DIRECTIONS:
State how many lines in the records below include the word "white". Give nothing but that number.

MATERIALS PROVIDED:
-*-*-

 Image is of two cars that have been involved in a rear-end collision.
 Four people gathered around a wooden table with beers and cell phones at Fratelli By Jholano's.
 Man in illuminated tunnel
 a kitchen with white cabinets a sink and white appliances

-*-*-

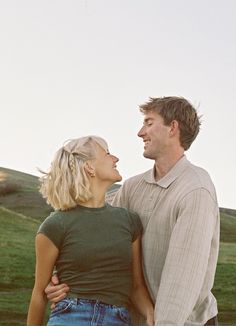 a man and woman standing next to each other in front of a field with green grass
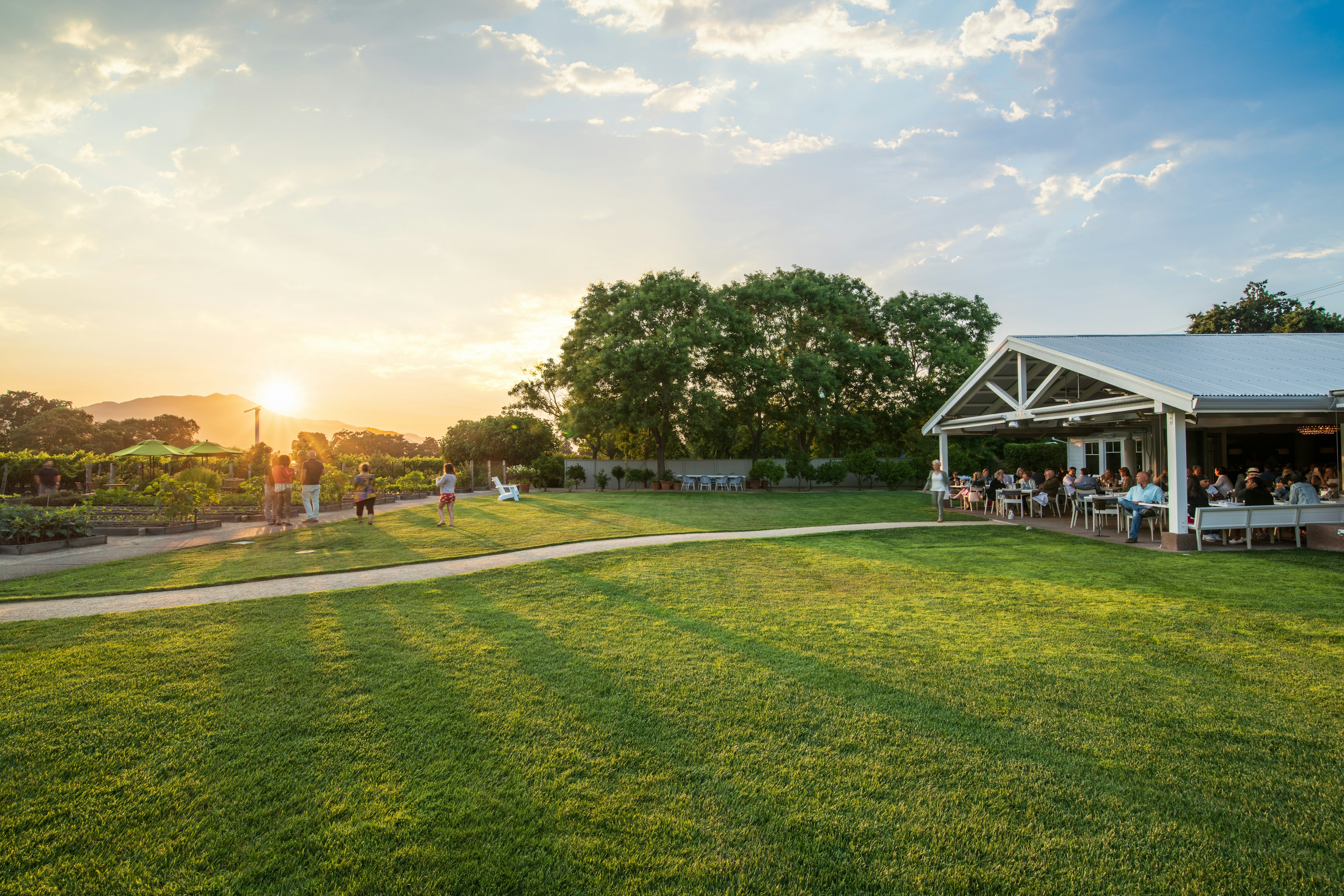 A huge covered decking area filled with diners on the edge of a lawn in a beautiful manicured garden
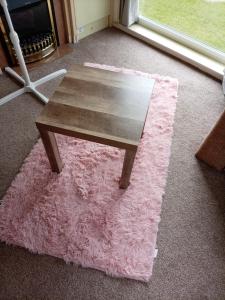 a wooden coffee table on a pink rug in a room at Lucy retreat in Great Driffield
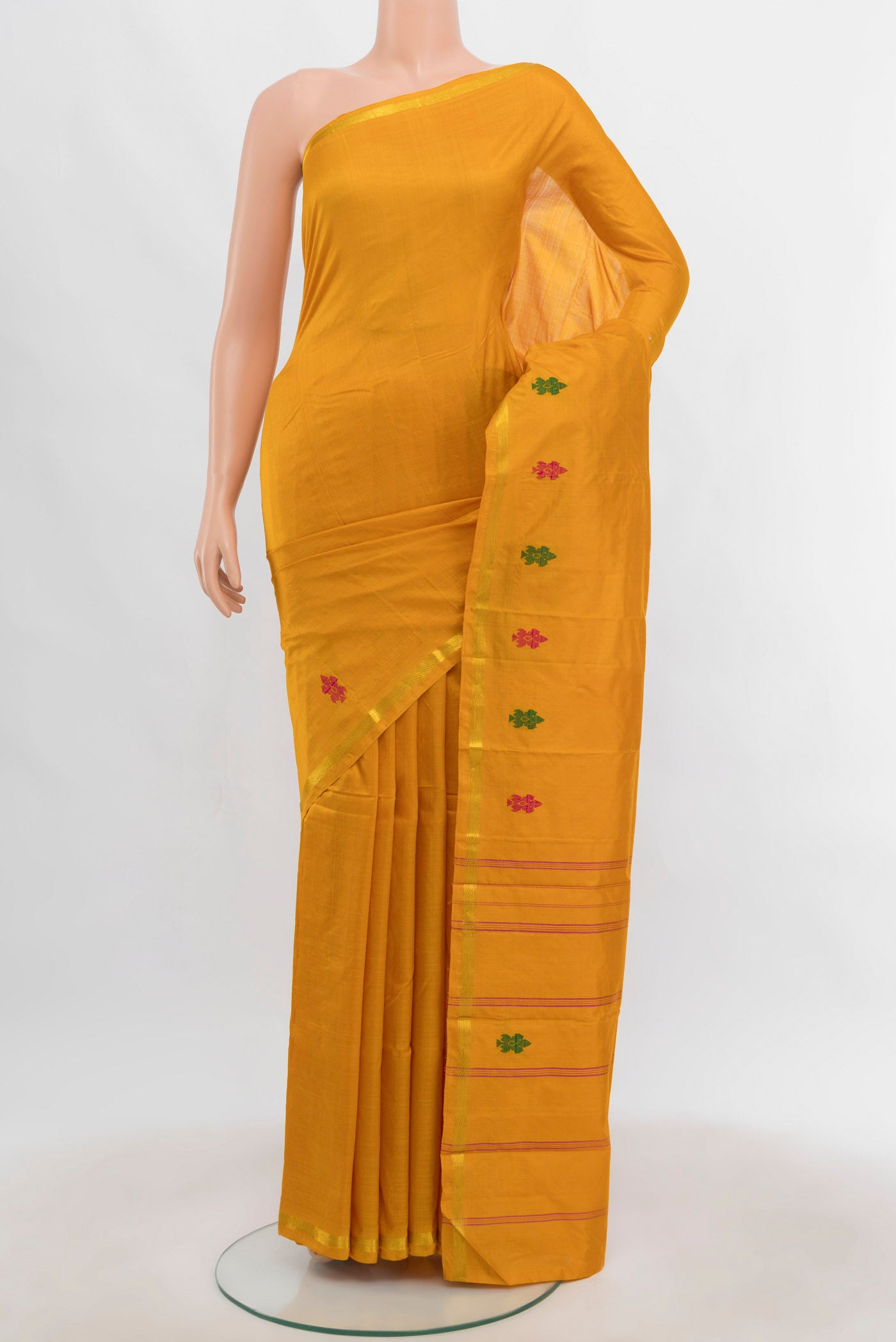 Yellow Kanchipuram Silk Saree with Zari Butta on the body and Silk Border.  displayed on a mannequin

-*-*-

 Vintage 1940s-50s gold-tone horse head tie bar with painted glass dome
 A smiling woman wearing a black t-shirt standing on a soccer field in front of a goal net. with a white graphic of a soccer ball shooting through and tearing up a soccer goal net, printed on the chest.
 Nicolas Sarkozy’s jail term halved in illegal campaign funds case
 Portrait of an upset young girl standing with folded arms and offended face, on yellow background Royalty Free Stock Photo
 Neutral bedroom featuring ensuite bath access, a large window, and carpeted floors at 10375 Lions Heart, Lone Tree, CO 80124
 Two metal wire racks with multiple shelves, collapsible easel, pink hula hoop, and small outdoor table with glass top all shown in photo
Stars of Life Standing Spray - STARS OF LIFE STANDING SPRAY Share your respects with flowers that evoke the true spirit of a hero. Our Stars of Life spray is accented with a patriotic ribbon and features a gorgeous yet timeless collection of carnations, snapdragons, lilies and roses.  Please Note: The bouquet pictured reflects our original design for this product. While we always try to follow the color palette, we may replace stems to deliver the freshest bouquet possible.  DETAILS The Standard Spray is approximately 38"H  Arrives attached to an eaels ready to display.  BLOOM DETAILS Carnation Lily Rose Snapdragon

-*-*-

WRITTEN ANSWER:
2